While the departure of H.R. McMaster as national security advisor was the subject of considerable speculation over the past several months, he served the president well by providing leadership in the aftermath of a National Security Council crisis at the outset of his administration. Despite handling an extraordinarily difficult portfolio, HR’s focus on applying rigor and enabling the development of a national strategy during the first year of the administration is deserving of recognition and the gratitude of the nation.
As for the appointment of Ambassador John Bolton, his selection as the National Security Advisor should be seen as a reenforcement of the administration’s resolve to apply clear lines of demarcation in terms of expected behavior across the board concerning America’s adversaries.

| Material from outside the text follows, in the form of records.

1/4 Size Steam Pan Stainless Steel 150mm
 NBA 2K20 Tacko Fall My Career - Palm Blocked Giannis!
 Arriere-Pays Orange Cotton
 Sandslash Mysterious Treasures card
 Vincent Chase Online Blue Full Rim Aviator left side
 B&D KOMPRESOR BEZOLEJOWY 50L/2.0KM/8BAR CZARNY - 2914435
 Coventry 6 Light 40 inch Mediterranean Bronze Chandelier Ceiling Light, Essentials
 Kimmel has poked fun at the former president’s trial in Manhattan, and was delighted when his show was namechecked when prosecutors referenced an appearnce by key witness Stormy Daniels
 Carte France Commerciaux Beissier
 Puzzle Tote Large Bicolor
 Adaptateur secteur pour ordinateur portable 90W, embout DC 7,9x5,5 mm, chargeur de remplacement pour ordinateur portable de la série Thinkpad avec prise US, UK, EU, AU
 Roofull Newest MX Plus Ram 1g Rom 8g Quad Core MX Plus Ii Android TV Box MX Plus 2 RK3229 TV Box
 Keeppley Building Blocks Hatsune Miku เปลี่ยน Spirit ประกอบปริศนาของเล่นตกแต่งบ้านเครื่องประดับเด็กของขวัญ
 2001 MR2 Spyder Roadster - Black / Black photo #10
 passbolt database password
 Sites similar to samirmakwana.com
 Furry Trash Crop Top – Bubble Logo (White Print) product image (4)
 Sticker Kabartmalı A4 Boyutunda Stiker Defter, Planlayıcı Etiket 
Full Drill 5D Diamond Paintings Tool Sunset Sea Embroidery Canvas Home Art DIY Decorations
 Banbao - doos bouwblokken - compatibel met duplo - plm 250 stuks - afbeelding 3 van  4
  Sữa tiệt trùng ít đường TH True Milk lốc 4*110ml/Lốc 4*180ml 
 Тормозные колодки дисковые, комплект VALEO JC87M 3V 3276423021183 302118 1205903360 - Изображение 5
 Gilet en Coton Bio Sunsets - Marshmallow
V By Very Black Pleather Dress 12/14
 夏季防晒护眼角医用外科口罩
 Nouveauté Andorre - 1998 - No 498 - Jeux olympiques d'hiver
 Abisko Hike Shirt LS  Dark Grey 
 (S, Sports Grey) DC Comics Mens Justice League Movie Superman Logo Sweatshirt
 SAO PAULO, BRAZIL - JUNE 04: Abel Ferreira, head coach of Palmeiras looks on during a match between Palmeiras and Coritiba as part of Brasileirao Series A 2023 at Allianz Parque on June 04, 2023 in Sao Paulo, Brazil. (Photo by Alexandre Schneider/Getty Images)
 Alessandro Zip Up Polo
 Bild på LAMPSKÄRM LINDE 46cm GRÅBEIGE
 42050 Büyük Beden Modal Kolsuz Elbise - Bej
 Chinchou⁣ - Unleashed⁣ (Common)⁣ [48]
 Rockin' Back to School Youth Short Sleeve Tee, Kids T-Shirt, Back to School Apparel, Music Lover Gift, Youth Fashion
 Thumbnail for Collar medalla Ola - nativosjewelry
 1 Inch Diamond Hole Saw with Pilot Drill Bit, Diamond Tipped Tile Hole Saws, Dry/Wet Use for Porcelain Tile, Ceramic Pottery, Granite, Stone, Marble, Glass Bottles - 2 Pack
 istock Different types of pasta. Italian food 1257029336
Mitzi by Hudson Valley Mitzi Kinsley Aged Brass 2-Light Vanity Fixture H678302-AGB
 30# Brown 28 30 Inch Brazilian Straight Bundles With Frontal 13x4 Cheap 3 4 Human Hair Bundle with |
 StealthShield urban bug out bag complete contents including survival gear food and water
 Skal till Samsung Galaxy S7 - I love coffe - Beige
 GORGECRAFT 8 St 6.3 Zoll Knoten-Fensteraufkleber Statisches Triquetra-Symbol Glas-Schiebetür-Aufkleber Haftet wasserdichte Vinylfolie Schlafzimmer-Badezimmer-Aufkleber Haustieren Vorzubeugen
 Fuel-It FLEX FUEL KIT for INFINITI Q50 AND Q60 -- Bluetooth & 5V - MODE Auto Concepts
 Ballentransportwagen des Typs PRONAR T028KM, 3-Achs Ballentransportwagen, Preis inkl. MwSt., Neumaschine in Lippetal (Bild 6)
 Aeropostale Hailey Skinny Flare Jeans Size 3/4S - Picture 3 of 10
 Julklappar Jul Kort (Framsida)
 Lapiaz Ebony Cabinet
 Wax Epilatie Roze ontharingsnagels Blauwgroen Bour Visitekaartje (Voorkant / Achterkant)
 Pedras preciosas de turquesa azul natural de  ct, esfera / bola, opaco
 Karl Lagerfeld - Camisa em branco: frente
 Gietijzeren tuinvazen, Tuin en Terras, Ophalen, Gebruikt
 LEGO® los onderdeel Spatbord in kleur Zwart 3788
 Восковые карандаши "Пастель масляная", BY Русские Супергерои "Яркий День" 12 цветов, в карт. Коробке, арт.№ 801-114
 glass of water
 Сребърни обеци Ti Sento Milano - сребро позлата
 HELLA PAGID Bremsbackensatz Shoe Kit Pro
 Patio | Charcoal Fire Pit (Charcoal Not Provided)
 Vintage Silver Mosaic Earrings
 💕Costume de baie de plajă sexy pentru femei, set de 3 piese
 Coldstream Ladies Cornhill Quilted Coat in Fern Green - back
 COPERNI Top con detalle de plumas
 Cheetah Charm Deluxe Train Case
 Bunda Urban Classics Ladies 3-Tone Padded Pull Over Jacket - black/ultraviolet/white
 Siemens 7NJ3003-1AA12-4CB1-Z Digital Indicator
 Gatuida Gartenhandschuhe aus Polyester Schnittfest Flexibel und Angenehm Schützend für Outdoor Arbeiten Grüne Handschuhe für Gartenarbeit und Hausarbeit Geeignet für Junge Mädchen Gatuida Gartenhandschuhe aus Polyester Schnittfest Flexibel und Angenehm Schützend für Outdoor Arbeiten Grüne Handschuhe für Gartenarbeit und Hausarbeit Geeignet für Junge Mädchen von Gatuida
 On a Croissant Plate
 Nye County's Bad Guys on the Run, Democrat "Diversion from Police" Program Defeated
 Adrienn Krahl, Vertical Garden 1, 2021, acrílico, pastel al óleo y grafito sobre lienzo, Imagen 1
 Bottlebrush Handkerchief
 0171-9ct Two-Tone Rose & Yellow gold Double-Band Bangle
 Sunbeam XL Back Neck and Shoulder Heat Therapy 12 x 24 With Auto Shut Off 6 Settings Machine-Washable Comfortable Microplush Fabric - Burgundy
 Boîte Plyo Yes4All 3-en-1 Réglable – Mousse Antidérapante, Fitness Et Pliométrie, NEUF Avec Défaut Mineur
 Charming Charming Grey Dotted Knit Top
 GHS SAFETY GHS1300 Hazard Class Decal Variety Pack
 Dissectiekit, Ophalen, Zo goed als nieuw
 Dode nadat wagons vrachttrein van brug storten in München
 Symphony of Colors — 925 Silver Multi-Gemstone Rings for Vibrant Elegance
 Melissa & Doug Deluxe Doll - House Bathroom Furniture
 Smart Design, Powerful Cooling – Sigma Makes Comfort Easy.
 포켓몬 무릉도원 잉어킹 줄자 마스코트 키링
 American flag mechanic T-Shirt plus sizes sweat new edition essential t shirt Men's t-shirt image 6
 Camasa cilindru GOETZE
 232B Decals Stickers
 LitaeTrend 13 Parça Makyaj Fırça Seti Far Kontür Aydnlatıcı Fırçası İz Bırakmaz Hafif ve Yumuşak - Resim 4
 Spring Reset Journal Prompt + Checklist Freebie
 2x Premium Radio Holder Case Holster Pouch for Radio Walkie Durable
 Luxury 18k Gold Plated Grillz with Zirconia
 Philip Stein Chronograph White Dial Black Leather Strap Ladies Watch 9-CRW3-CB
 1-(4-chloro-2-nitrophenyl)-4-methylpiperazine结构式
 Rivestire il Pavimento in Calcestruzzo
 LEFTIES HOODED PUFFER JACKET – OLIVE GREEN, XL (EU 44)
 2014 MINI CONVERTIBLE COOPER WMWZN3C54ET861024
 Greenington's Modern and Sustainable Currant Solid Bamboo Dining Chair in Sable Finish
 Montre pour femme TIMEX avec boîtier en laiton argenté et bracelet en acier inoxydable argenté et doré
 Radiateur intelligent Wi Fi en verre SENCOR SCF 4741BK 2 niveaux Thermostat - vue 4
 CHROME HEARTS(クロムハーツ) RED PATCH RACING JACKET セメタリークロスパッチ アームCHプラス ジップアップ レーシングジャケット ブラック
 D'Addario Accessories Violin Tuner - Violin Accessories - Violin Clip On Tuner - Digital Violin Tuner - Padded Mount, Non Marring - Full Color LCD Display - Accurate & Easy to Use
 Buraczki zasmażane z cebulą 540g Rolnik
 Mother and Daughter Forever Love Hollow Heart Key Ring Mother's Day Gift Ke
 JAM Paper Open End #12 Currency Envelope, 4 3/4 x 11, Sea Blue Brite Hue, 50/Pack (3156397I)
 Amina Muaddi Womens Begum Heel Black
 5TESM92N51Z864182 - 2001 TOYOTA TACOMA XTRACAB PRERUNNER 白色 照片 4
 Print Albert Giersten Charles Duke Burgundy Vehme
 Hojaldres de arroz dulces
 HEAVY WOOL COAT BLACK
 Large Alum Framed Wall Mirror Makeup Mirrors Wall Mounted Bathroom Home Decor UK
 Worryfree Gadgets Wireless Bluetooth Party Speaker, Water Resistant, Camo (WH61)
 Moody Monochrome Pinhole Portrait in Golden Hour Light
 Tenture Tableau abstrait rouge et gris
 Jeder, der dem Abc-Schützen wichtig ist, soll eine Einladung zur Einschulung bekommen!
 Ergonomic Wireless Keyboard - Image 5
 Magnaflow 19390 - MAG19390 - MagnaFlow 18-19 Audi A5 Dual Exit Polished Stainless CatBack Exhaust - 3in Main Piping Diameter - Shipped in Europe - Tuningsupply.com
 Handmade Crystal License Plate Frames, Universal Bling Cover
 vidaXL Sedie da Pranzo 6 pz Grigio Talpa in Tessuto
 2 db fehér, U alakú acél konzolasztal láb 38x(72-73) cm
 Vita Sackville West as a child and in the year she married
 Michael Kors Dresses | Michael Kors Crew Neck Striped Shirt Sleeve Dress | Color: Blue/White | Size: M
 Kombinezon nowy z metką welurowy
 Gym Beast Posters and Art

Ambassador Bolton’s views inter-alia on North Korea, Iran, Russia, China and international terrorism are well known for being unambiguously clear. As National Security Advisor, he will align himself with the hardline pragmatists of the administration when it comes to the range of policies applied to our adversaries and decisive in his counsel where he sees opportunities for the administration to seize opportunities to expand American influence abroad.
Ambassador Bolton has long argued that the Joint Comprehensive Plan of Action (JCPOA also known as the Iran nuclear deal) was an agreement that was highly advantageous to the Iranians. As such, I suspect he will associate himself with those in the administration that believe we should withdraw from the JCPOA altogether and resort to the containment of Iran’s nuclear ambitions by escalating sanctions against them not only related to the nuclear file but addressing their missile program and Iran’s active role as a supporter of international terrorism.
His clarity of thought on North Korea in calling for an unequivocal denuclearization of North Korea by the Kim Jong Un regime bodes well for holding Trump to clearly stated objectives concerning the proposed meeting between the president and dictator Kim Jung Un. In his role as the National Security Advisor, Ambassador Bolton will not shy away from giving the President clear and unambiguous counsel on national security matters even if the President is uncomfortable with the advice that he is receiving.”
John Bolton’s appointment does not bode well for the Iran nuclear deal. I would not be surprised to see Bolton and (Secretary of State nominee Mike) Pompeo persuade the president to decertify the deal.
Following the decertification, I expect John Bolton to begin beating the drums of war against Iran. He does not seem to have learned any lessons from the tragedy of the Iraq war. By contrast with other appointees, Bolton is highly ideological and narrow-minded toward other religions, cultures, and races.
Based on my experience on the eve of the Iraq war in the fall of 2002-winter of 2003, Bolton was one of the strongest advocates for war against Iraq regardless of the position of the United Nations Security Council. He wasn’t at all enamored by Secretary of State Colin Powell’s going to the UN Security Council to make a “convincing” case for war against Iraq.
Bolton does not value the issue of human rights as an important factor in our international relations. He will be comfortable coddling dictators in the Middle East and will not hesitate to insert the United States in regional religious, sectarian, and political conflicts. Bolton believes that the military option should precede diplomacy in settling international disputes to which this country is a party.
In sum, John Bolton’s appointment as National Security Adviser is a sad day for America because he echoes the worst instincts of the president. On Bolton’s watch in the West Wing, I am afraid the rest of the world will view America as an isolationist bully and no longer a partner and a leader on major global issues, many of which are central to our national security.